● **Task goal**: Please repeat the entries word for word and keep the images out.
_ _ _ _ _ _ _
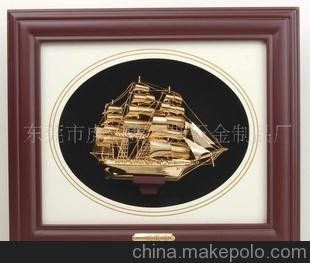 一帆風(fēng)順禮品船模型,畫框船,木相框五金船模型,相框禮品
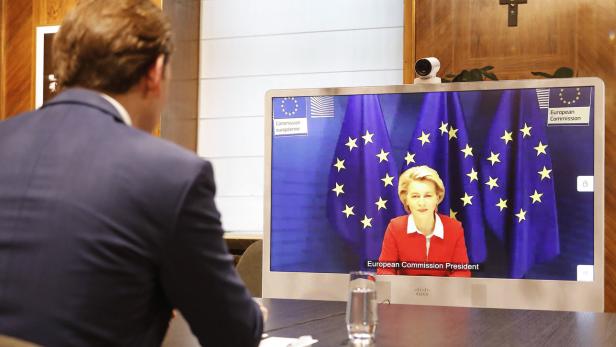 Kanzler Kurz mit van der Leyen: Virtueller Gipfel der EU-Staats- und Regierungschefs
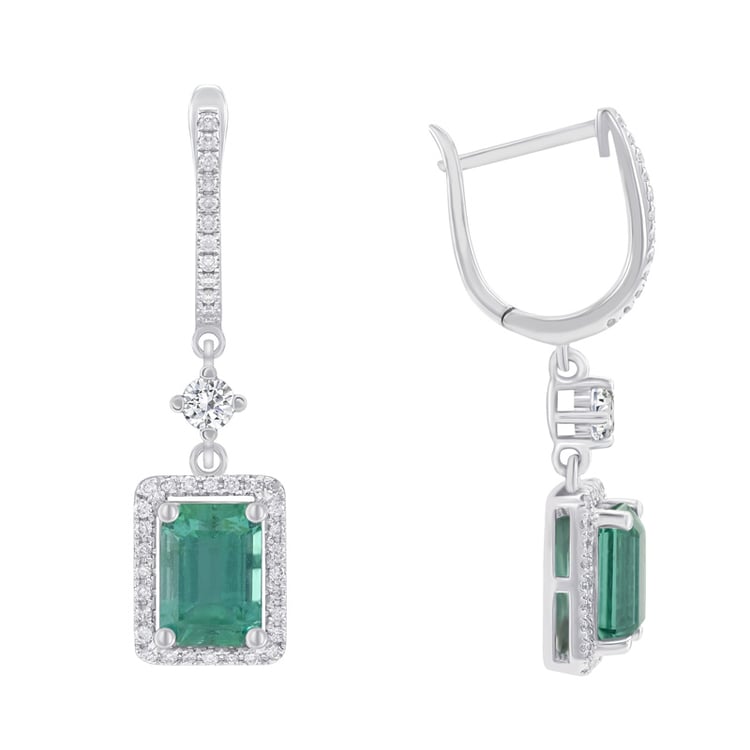 Zlaté smaragdové náušnice s diamanty 42668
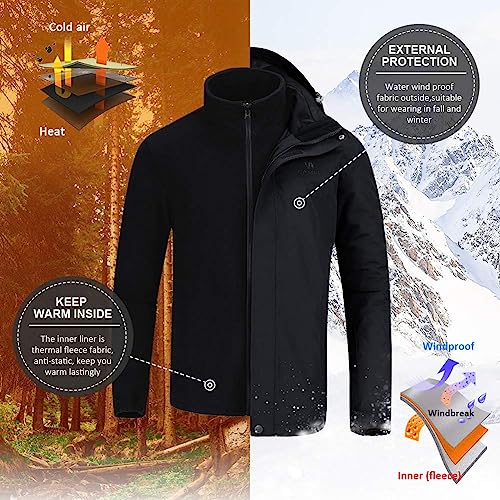 CAMEL CROWN Outdoor Jacket Men Winter Ski Jacket Windbreaker 3 in1 Hooded Rain Coat for Traveling Climbing Hiking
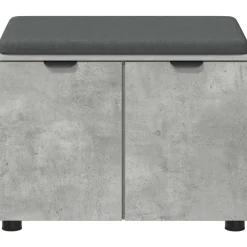 vidaXL Halbank met kussen met plank Beton Grijs 60 x 38 x 46 cm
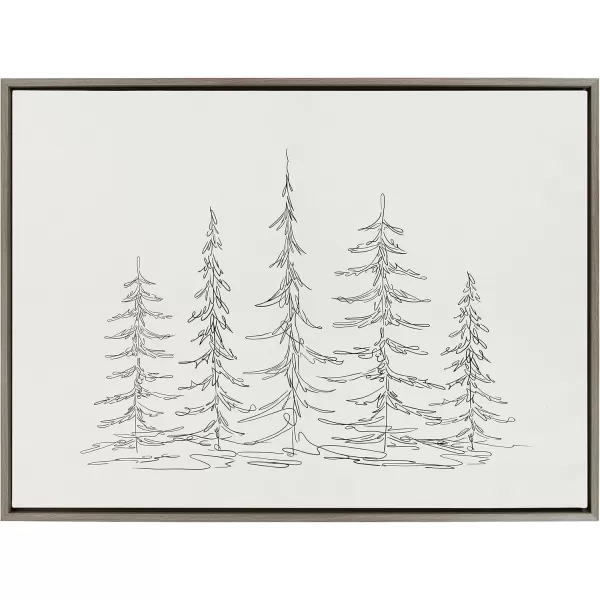 Kate and Laurel Sylvie Minimalist Evergreen Trees Sketch BW Framed Canvas Wall Art by The Creative Bunch Studio 18x40 Gray Minimal Christmas Tree Art for WallGray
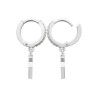 Boucles d'Oreilles Créoles avec Pendentif Losange en Argent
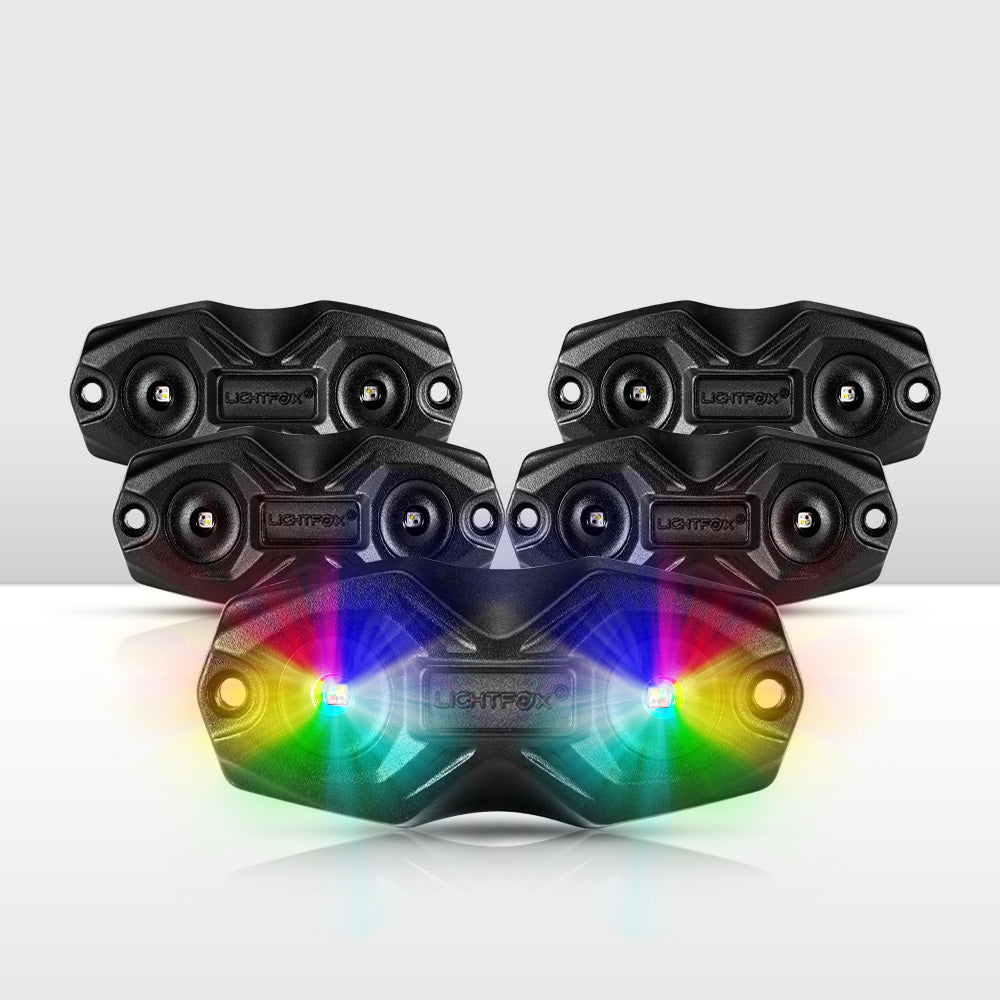 Lightfox RGBW LED Rock Lights – 4 Pack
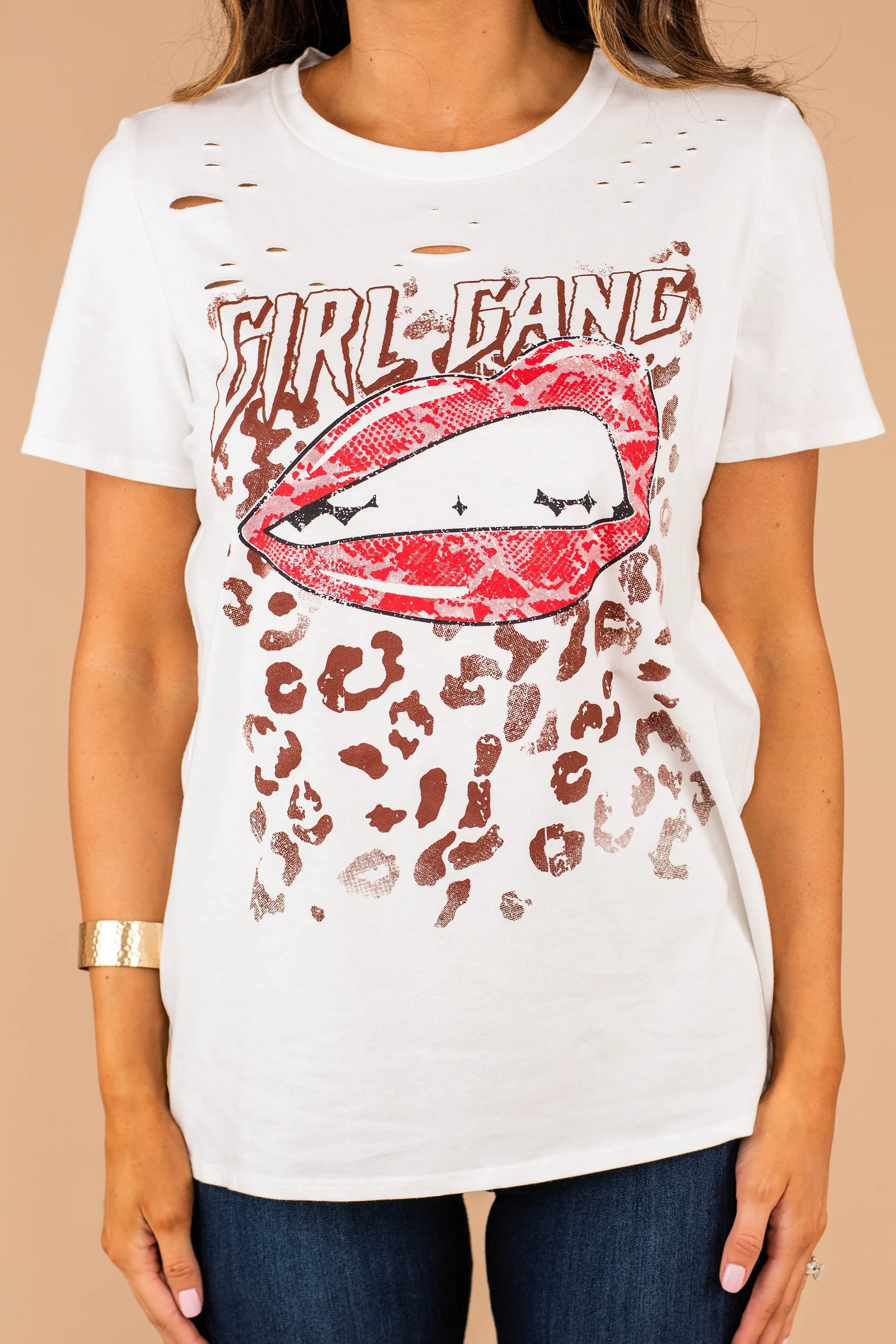 Girl Gang Ivory White Leopard Graphic Tee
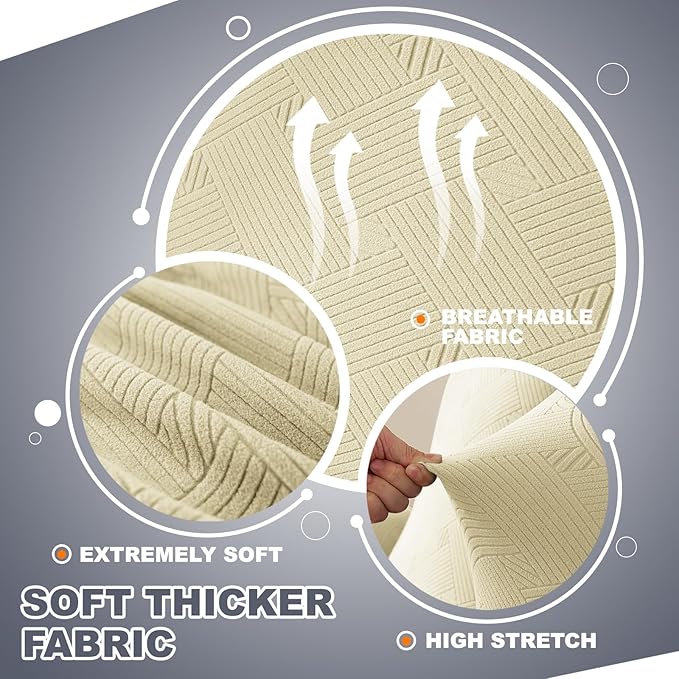 JIVINER Recliner Chair Covers, Jacquard 3 Piece Slipcovers for Recliner Chair Soft Stretch Lazy Boy 1 Seater Reclining Protector with Pockets (Recliner, Beige)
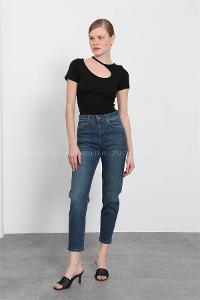 Denim Blue Pool Neck Combed Fabric Unprinted Dresess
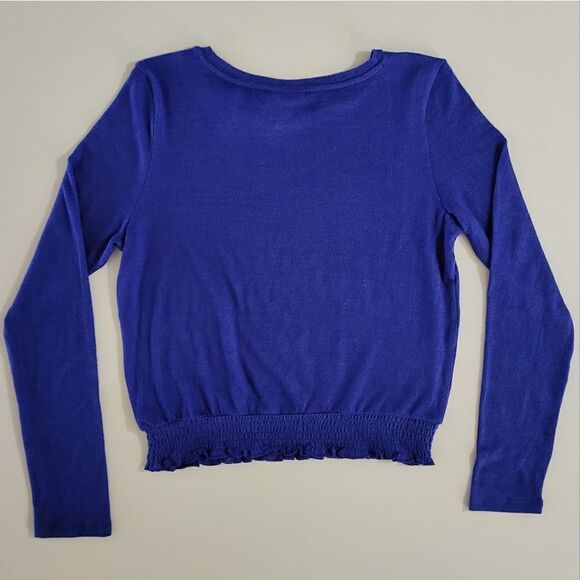 SO Women's Julien Blue Super Cozy Double Brushed Smocked Tee Shirt - Picture 10 of 10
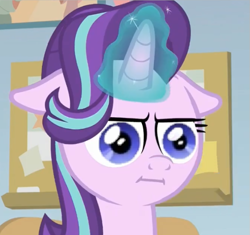 Size: 583x549 | Tagged: safe, edit, edited screencap, imported from derpibooru, screencap, starlight glimmer, pony, unicorn, marks for effort, season 8, spoiler:s08, :i, bust, close-up, female, floppy ears, glowing, glowing horn, horn, i mean i see, magic, magic aura, mare, solo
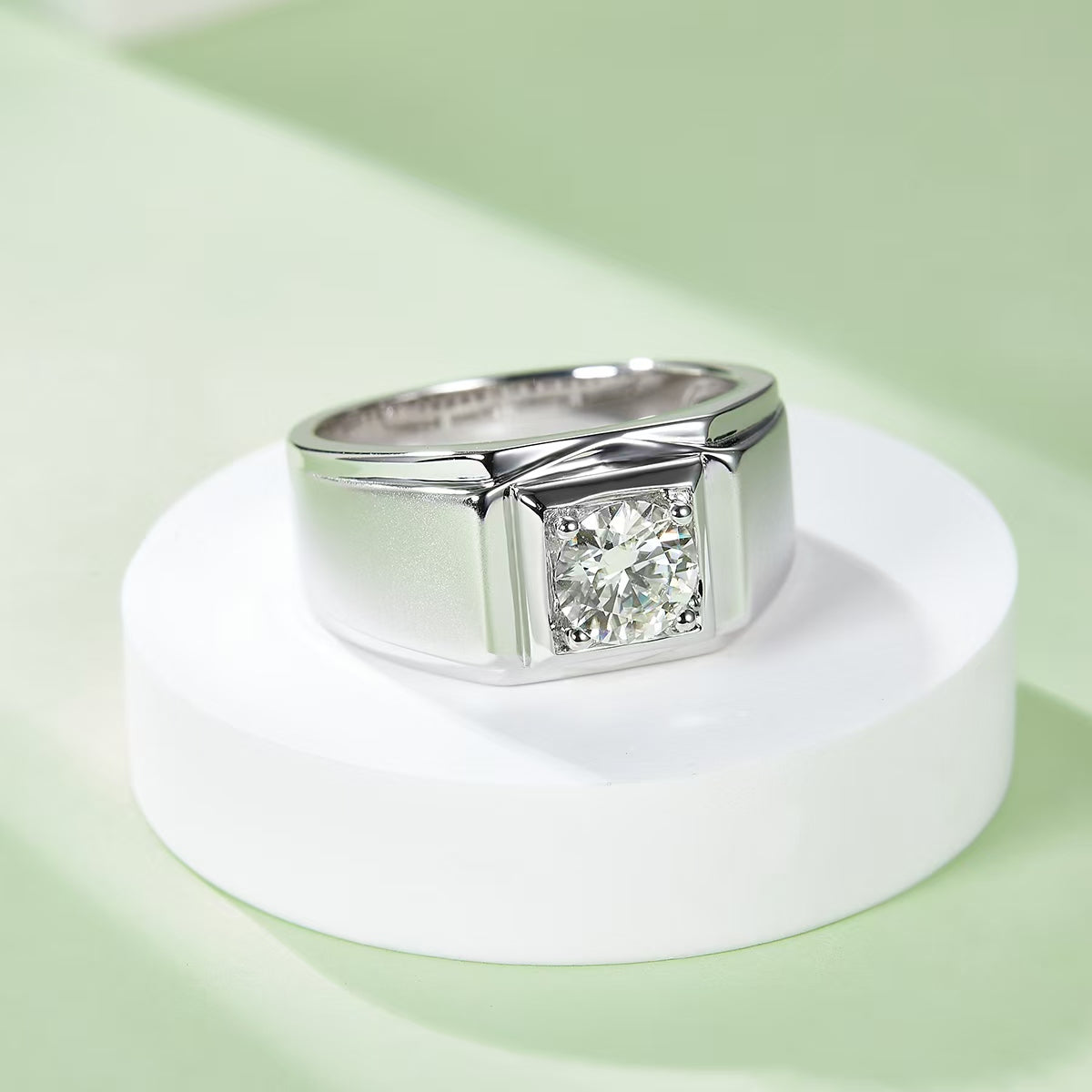 1.0Ct 6.5MM Round Mossanite Men Ring |18K White Gold-Plated S925 Silver, Custom Available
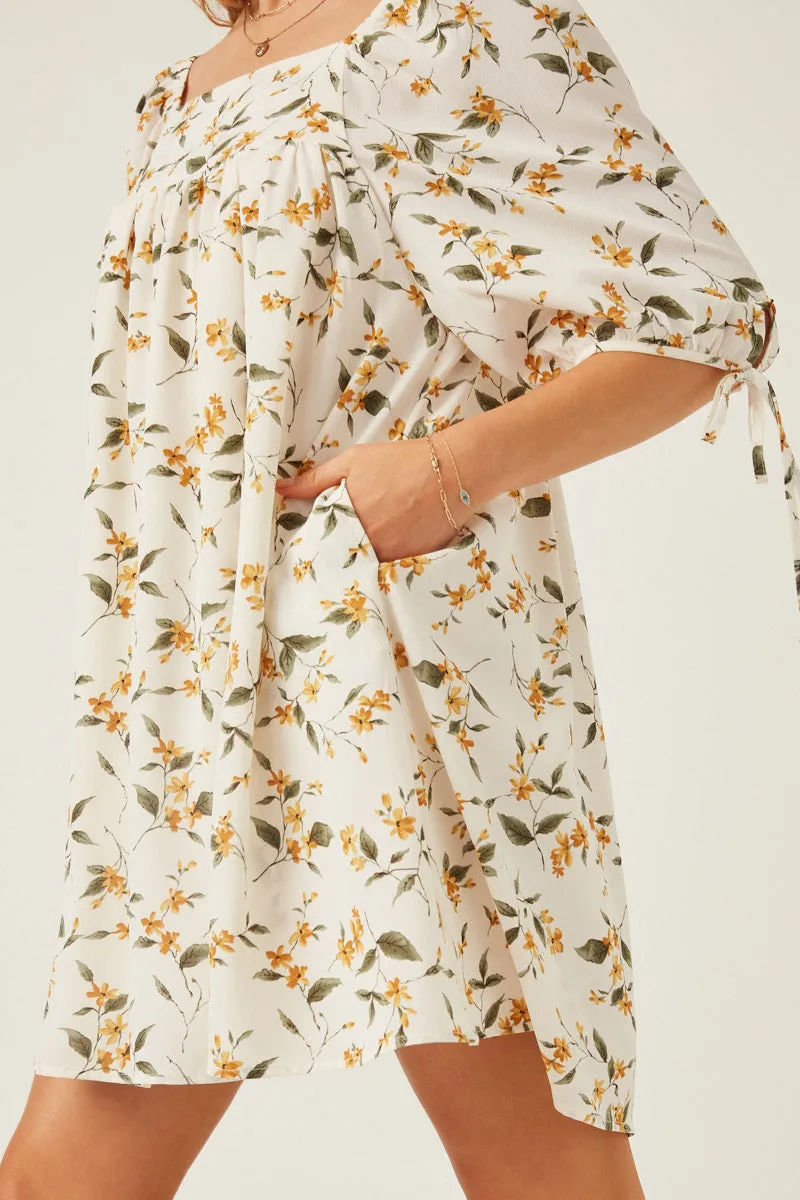 Womens Floral Square Neck Tie Sleeve Dress sold by Hayden product image thumbnail 4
_ _ _ _ _ _ _
● **Answer to this problem**:
 一帆風(fēng)順禮品船模型,畫框船,木相框五金船模型,相框禮品
 Kanzler Kurz mit van der Leyen: Virtueller Gipfel der EU-Staats- und Regierungschefs
 Zlaté smaragdové náušnice s diamanty 42668
 CAMEL CROWN Outdoor Jacket Men Winter Ski Jacket Windbreaker 3 in1 Hooded Rain Coat for Traveling Climbing Hiking
 vidaXL Halbank met kussen met plank Beton Grijs 60 x 38 x 46 cm
 Kate and Laurel Sylvie Minimalist Evergreen Trees Sketch BW Framed Canvas Wall Art by The Creative Bunch Studio 18x40 Gray Minimal Christmas Tree Art for WallGray
 Boucles d'Oreilles Créoles avec Pendentif Losange en Argent
 Lightfox RGBW LED Rock Lights – 4 Pack
 Girl Gang Ivory White Leopard Graphic Tee
 JIVINER Recliner Chair Covers, Jacquard 3 Piece Slipcovers for Recliner Chair Soft Stretch Lazy Boy 1 Seater Reclining Protector with Pockets (Recliner, Beige)
 Denim Blue Pool Neck Combed Fabric Unprinted Dresess
 SO Women's Julien Blue Super Cozy Double Brushed Smocked Tee Shirt - Picture 10 of 10
 Size: 583x549 | Tagged: safe, edit, edited screencap, imported from derpibooru, screencap, starlight glimmer, pony, unicorn, marks for effort, season 8, spoiler:s08, :i, bust, close-up, female, floppy ears, glowing, glowing horn, horn, i mean i see, magic, magic aura, mare, solo
 1.0Ct 6.5MM Round Mossanite Men Ring |18K White Gold-Plated S925 Silver, Custom Available
 Womens Floral Square Neck Tie Sleeve Dress sold by Hayden product image thumbnail 4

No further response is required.